Residents in the Shepherd Park library’s catchment area would have to double their travel time – at least – to get to another library branch.

While there are many commendable things in the DCPL facilities plan, closing Shepherd Park is short-sighted at best and wrongheaded at worst.

Committee member Janeese Lewis George, who serves Ward 4, tweeted upon release of the DCPL facilities plan that the city should both keep Shepherd Park open and build a new library to serve Brightwood Park and Manor Park — a point she repeated during the June 21 hearing.

A community that fought so hard to get a library in the mid-1980s is not going to see that struggle go for naught.

Thank you.

Mark Pattison, Secretary

Friends of the Juanita E. Thornton-Shepherd Park Library


This is our replacement language for the Capital Budget item CE0-SPL37-NEW 4A LIBRARY. Here are the deletions and substitutions I suggest

Change Capital Budget item from CE0-SPL37-NEW 4A LIBRARY.

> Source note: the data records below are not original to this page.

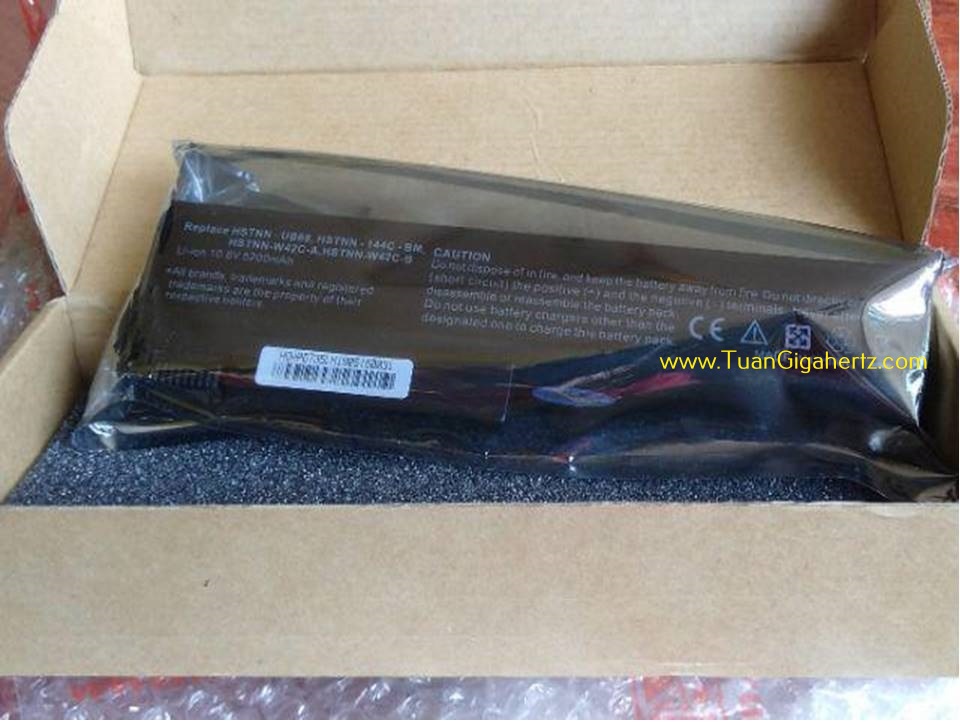 BATTERY NOTEBOOK HP 6440b 6445b 6450b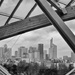 View of La Defense from the Gallery at FLV by jamibann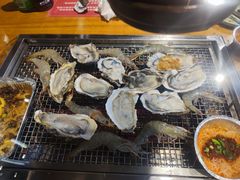 -蚝英雄鲜蚝自助专门店(长楹天街直营店)
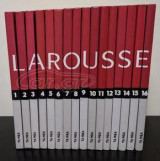 Εγκυκλοπαίδεια Larousse - 16 τόμοι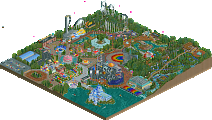 Park_5367 Lego park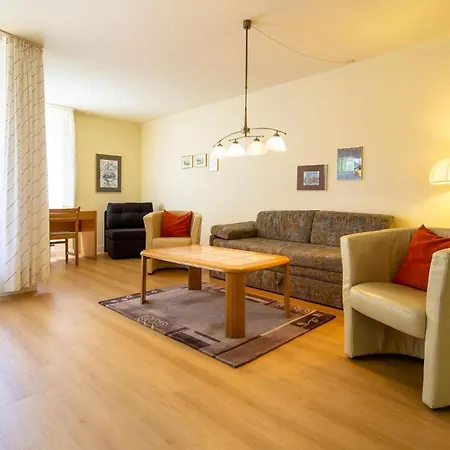Apartment Ferienwohnpark Zwei-zimmer-apartment 53 01 *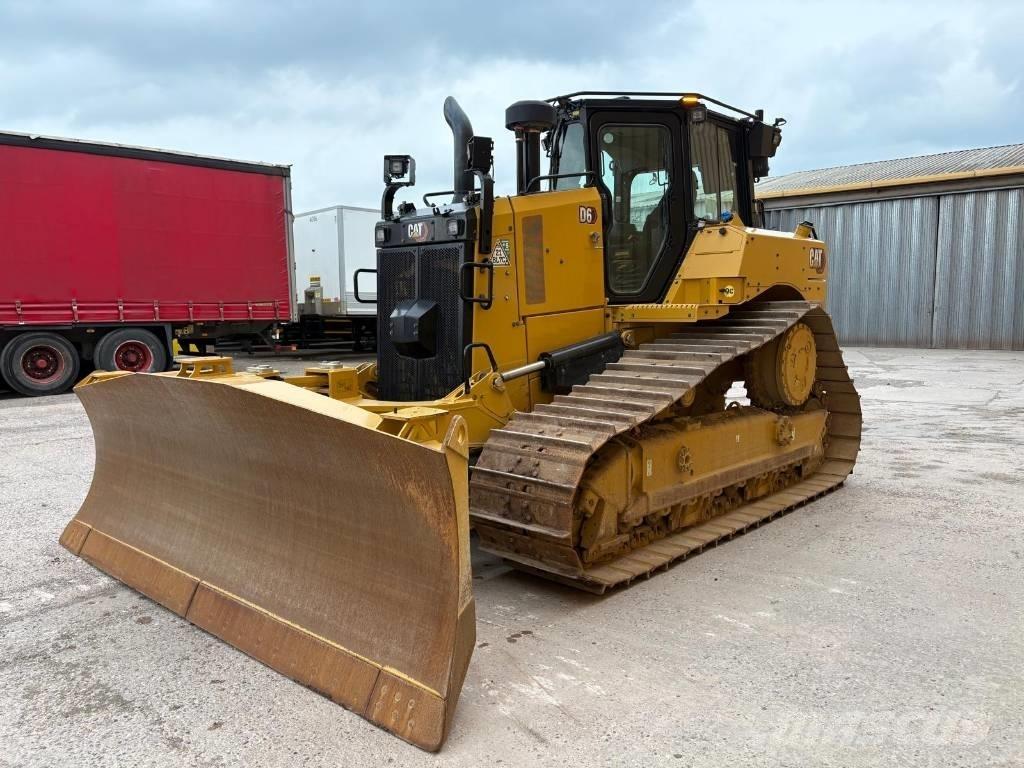 CAT D 6 LGP Buldožeri gusjeničari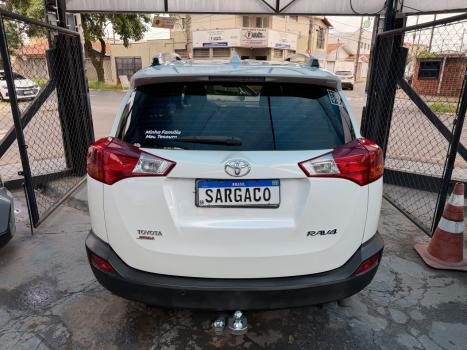 TOYOTA RAV 4 2.0 16V 4P TOP AUTOM�TICO, Foto 6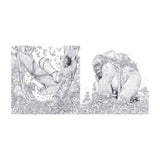 Malbuch „Tierwelt“ von Lantern Publishers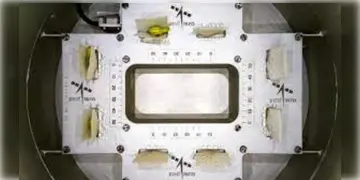 Read more about - ISRO । মহাকাশে চাষ হবে বরবটি! দিশা দেখালো ভারতীয় মহাকাশ গবেষণা কেন্দ্র ইসরো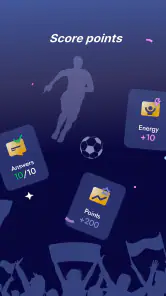 Football Quiz 2025 screenshot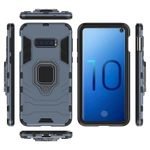 Противоударный чехол с кольцом Panther Case для Samsung Galaxy S10e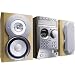 Philips MCM530 150-Watt Micro Shelf System with 5-Disc CD/MP3 Changer and Digital AM/FM Tuner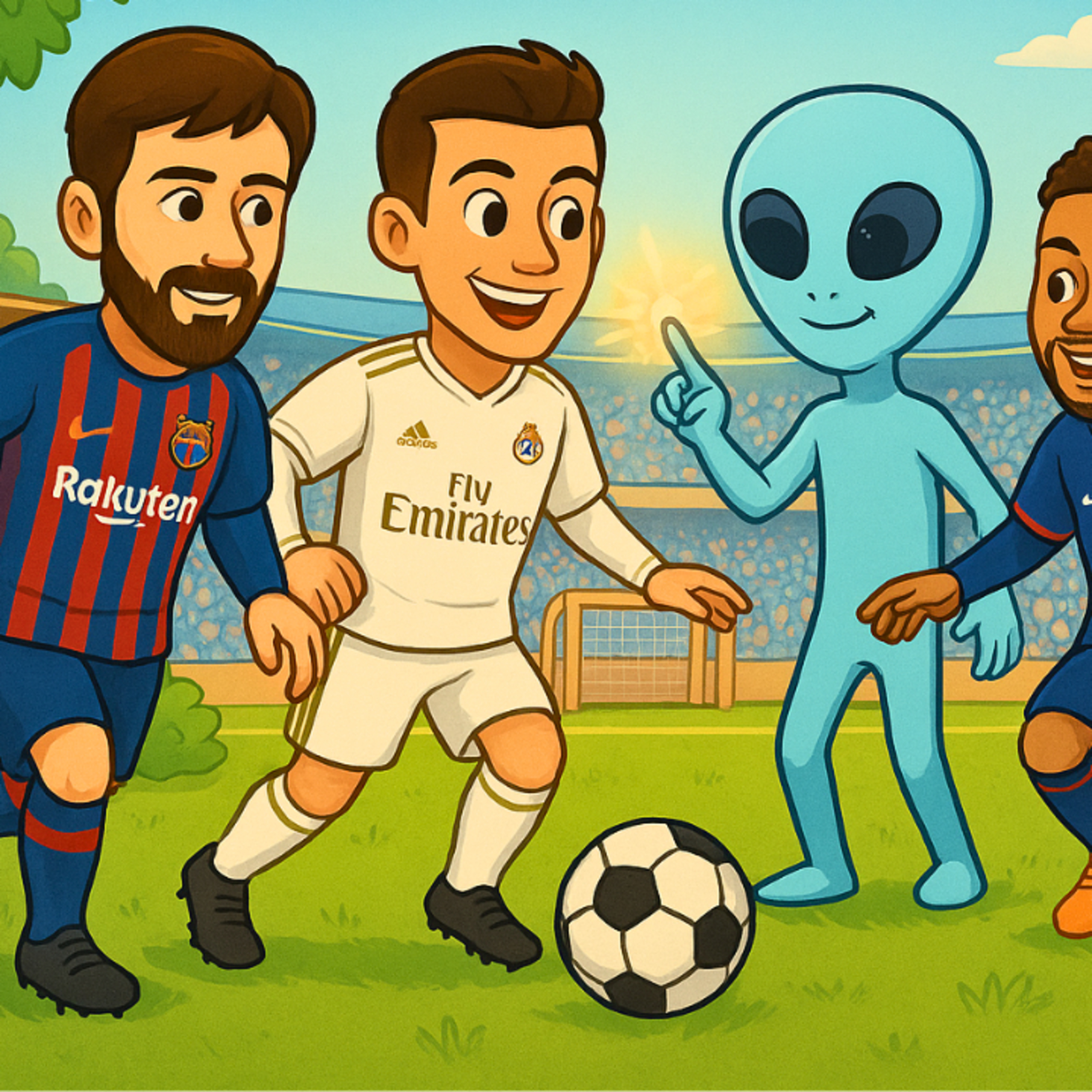 Historinhas da Turma do Cauã Nani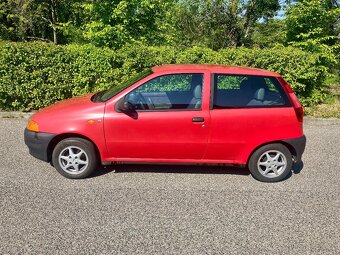 Fiat Punto 55 S - 5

To CE0-SPL37-NEW WARD 4 LIBRARY.

Change Facility Name or Identifier from NEW 4A LIBRARY

To Facility Name or Identifier: NEW WARD 4 LIBRARY

Change description from “Replace the existing Shepherd Park Library with a new full-service library at a location south of the existing library would address the service gaps for Brightwood Park/Manor Park communities and serve more Ward 4 residents” to:

“Build a new Ward 4 library between the existing Shepherd Park, Takoma, Riggs-Lamond and Petworth libraries to address the service gaps for Brightwood Park/Manor Park communities and serve more Ward 4 residents.”

“Change the Justification from “Replacing the existing Shepherd Park Library with a new full-service library at a location south of the existing library that would address the service gaps for Brightwood Park/Manor Park communities and serve more Ward 4 residents. Further site exploration and community engagement will be required to identify the ideal location for a Shepherd Park Library replacement” to:

“Building a new full-service library between the existing Shepherd Park, Takoma, Riggs-Lamond and Petworth libraries to address the service gaps for Brightwood Park/Manor Park communities and serve more Ward 4 residents. Further site exploration and community engagement will be required to identify the ideal location.”

As none of the budget figures in FY 2022 consider the costs of closing the Juanita E. Thornton-Shepherd Park Library, we do not call for changes. The suggestion made both by myself and Ward 4 Councilmember Janeese Lewis George to consider the parcel occupied by the now-closed Rite Aid drugstore on Georgia Ave. NW between Madison and Longfellow Streets NW could prove a useful acquisition, especially as land prices are likely to continue to rise.